Mais aussi quel homme ! On en trouve peu de cette trempe et qui justifient mieux leurs prétentions par la supériorité de leurs talens, de leurs qualités et de leurs défauts, car en politique les petits défauts peuvent nuire ; les grands, mis au service d’une grande passion, sont une arme puissante : la crainte vient en aide au respect. M. de Bismarck se révéla tout entier dans ce Reichstag soi-disant constituant auquel il présenta son projet le 4 mars 1867. Il le pria de se hâter dans son examen, vu que le temps pressait. Les traités d’alliance entre les gouvernemens avaient été conclus pour un an, ils expiraient le 18 août.

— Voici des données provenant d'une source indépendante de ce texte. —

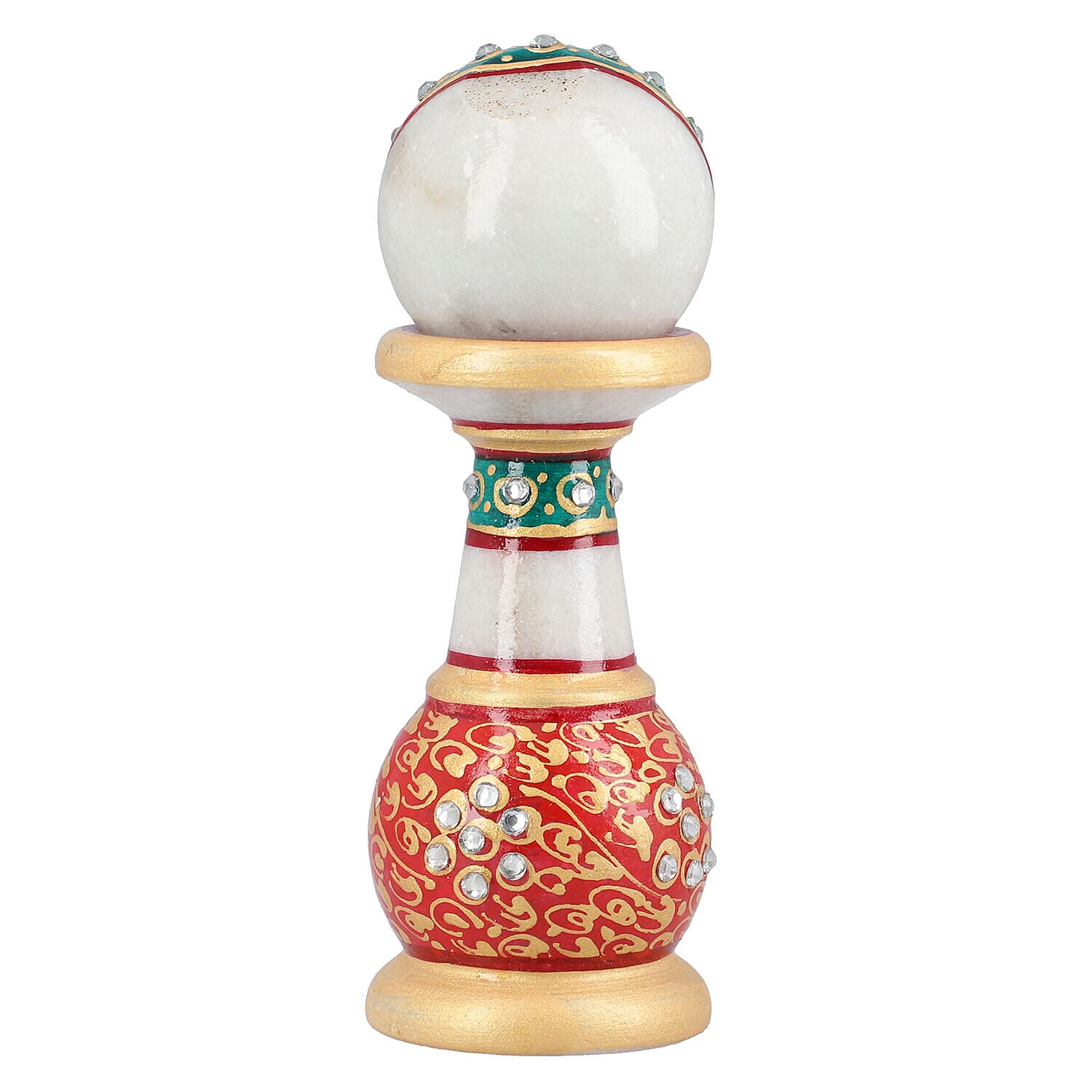 Handcrafted Makrana Marble Table Clock with Rajasthani Hand Enamelling (Size 15x5 Cm) - Orange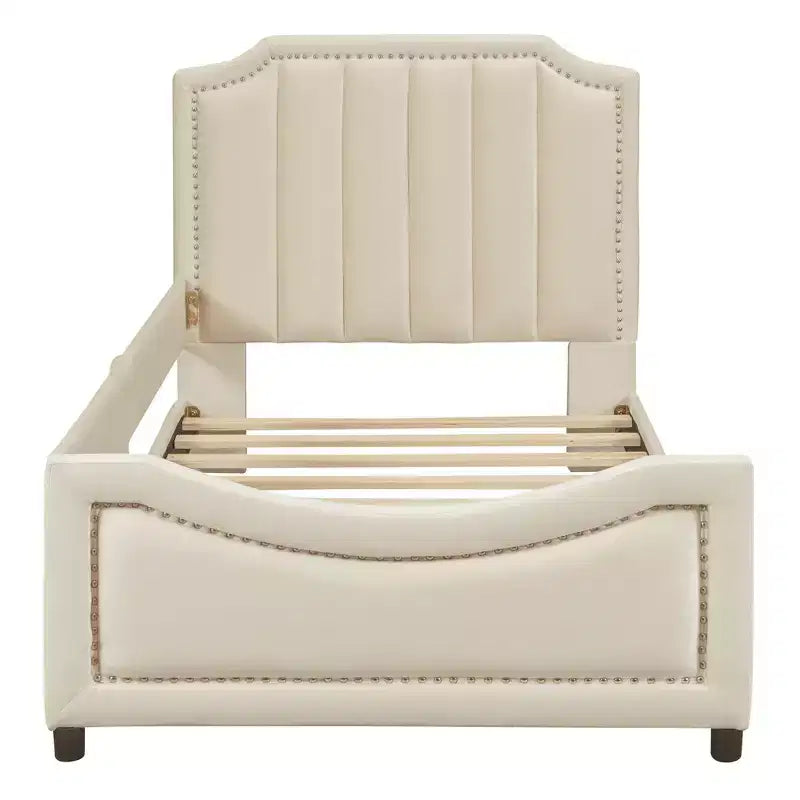 Canapé-lit double en velours avec tête de lit rayée classique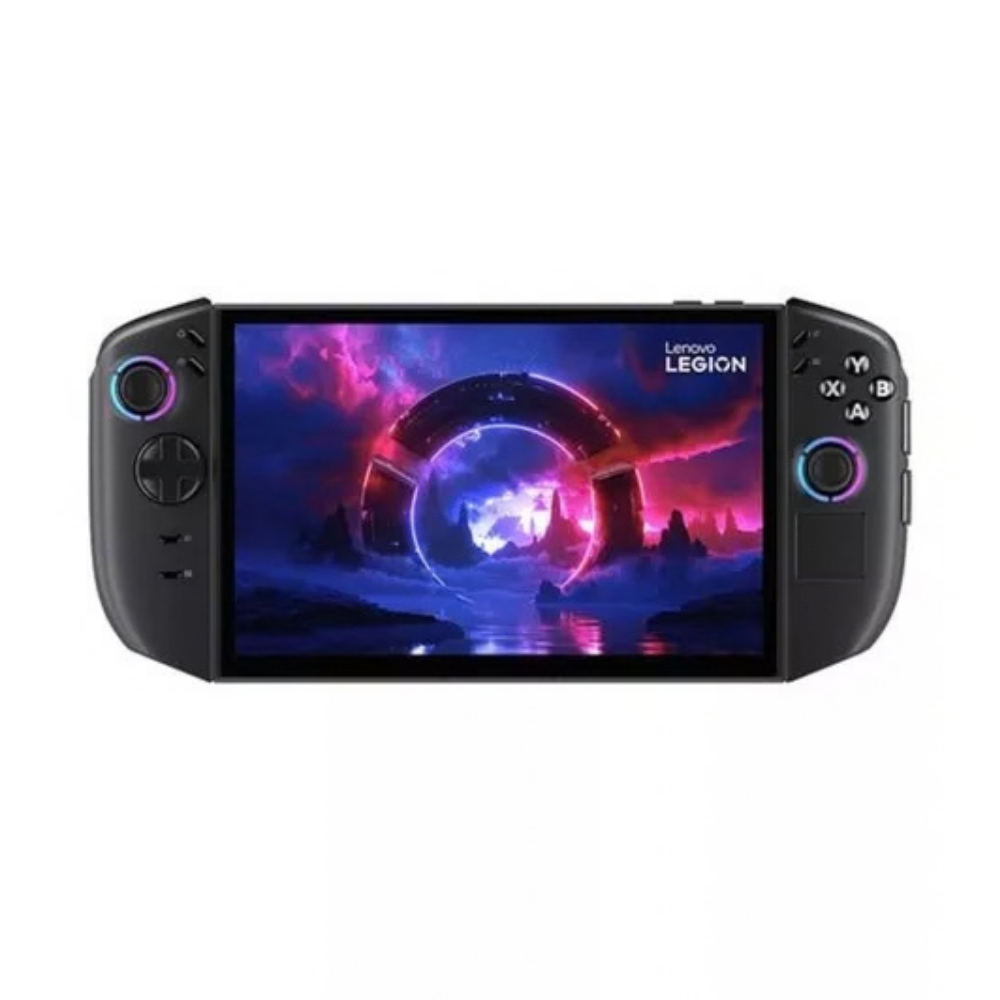 Black handheld gaming console with dual controllers, showing game screen and D-pad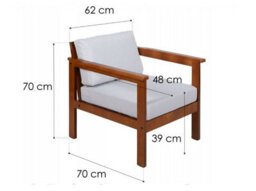 Impact Furniture Garden Armchair Lounge Chair Outdoor High Back Wooden Frame Cream Cushion - Cozy - thumbnail 5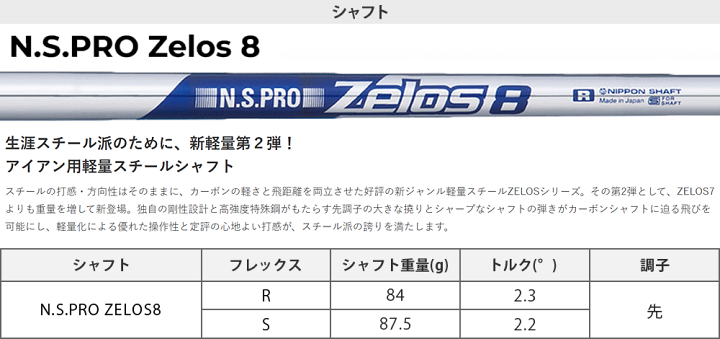 楽天市場】P8CBアイアン NSPRO Zelos8スチールシャフト 単品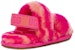 UGG Oh Yeah Zebra 'Sandal Kasual Mudah Fluffy Terbuka Rose Merah' 1116641T-RCR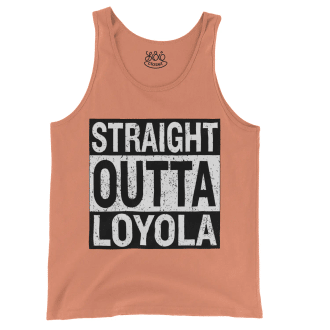 Straight Outta Loyola Men/Unisex Tank Top in Melon Color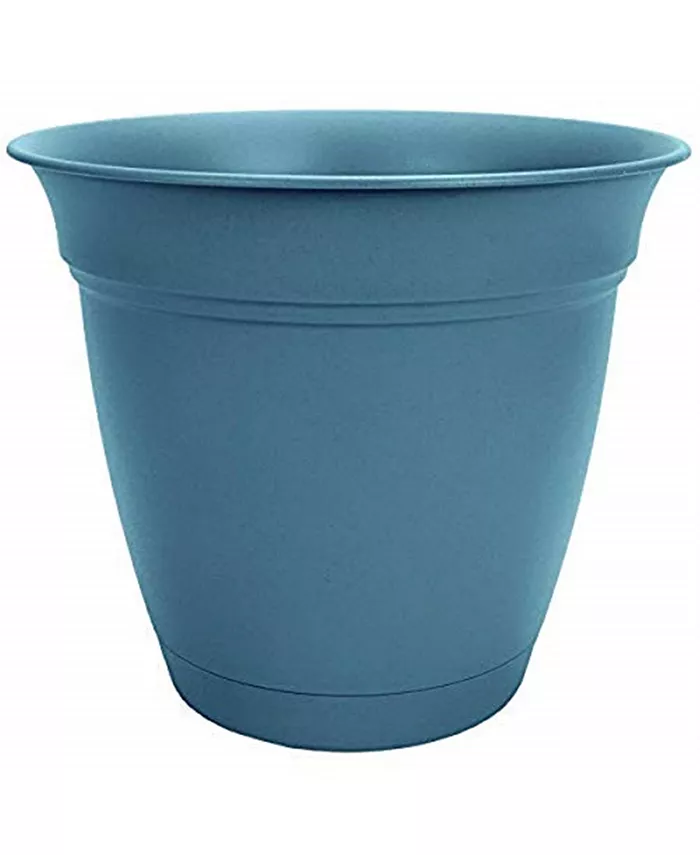 The HC Companies HC Companies Inc Eclipse Planter w  Attached Saucer Slate Blue 12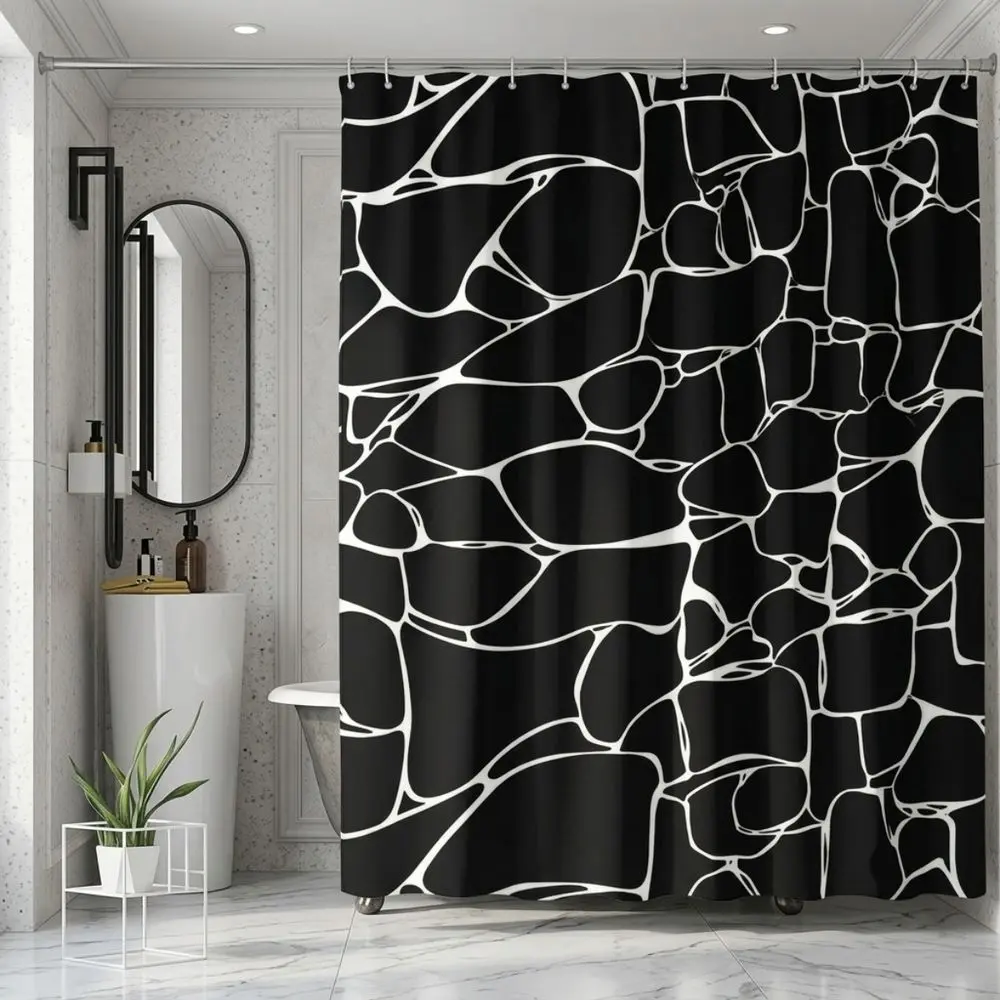 Modern Abstract Shower Curtain, Bold Black Irregular Shapes with Thick White Lines, Stained Glass Effect Mosaic Design, Contemporary Bathroom Decor, Minimalist Aesthetic for Holiday Home Refresh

Il fallait qu’avant ce terme non-seulement la Reichstag eût expédié sa modeste besogne, mais que la nouvelle constitution eût été. ratifiée par les chambres des états. Le Reichstag se le tint pour dit ; le 16 avril, il avait terminé ses travaux ; six semaines lui suffirent pour découvrir que, si beaucoup de choses lui déplaisaient dans le projet, il était inutile de désirer mieux, que c’était à prendre ou à laisser.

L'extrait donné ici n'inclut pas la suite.